I got all of these animals in the house (except for dogs but I don't really like dogs, dogs are great if I can give them back) and I can tell you some are more "Attachment forming" then others. Theres also a level of anthropomorphism that we apply to our pets, I do it too, its not a bad thing, but I understand that some animals that are my pets have lower brain functions then others. Does that mean I don't care for them? No, but I can't pet my tetras as I can a cat (I pet my bettas and crayfish because they swim into my hand and chill and the goldfish nibble my fingers because they think its food but I guess thats bonding time. Where as with a cat, you can play with them and snuggle them and they will actively come seek you out for attention and thy greet you when you come home like they missed you and will come sit in the same room with you because they like your company.
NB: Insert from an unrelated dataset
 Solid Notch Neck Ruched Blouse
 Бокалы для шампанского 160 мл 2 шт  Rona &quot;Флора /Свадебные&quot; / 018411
We have 3 cats, 14 tanks of fish, 6 goldfish, I have 22 bettas, the wife has 90+ hissers, 2 snakes, a betta of her own,a chilean rose hair and a bearded dragon. All of them "form attachments", some closer to what we humans see as attachments (I.E the cats). Fish recognize me because I'm the food provider, the snakes don't really recognize you in the human sense as accept that you handle them now and they put up with it, same with the hissers, but you can easily hold them. Theres one Called O-roach-imaru and I remember when we first got him he would do nothing but hiss and complain. now you hold him and he just chills and explores your hand. Has he formed an attachment? Eh, not in the sense that cats do or dogs do or birds or anything like that, but he understands that we, as humans, aren't going to hurt him which, for me and dealing with a more basic life form, is all the fulfillment I need.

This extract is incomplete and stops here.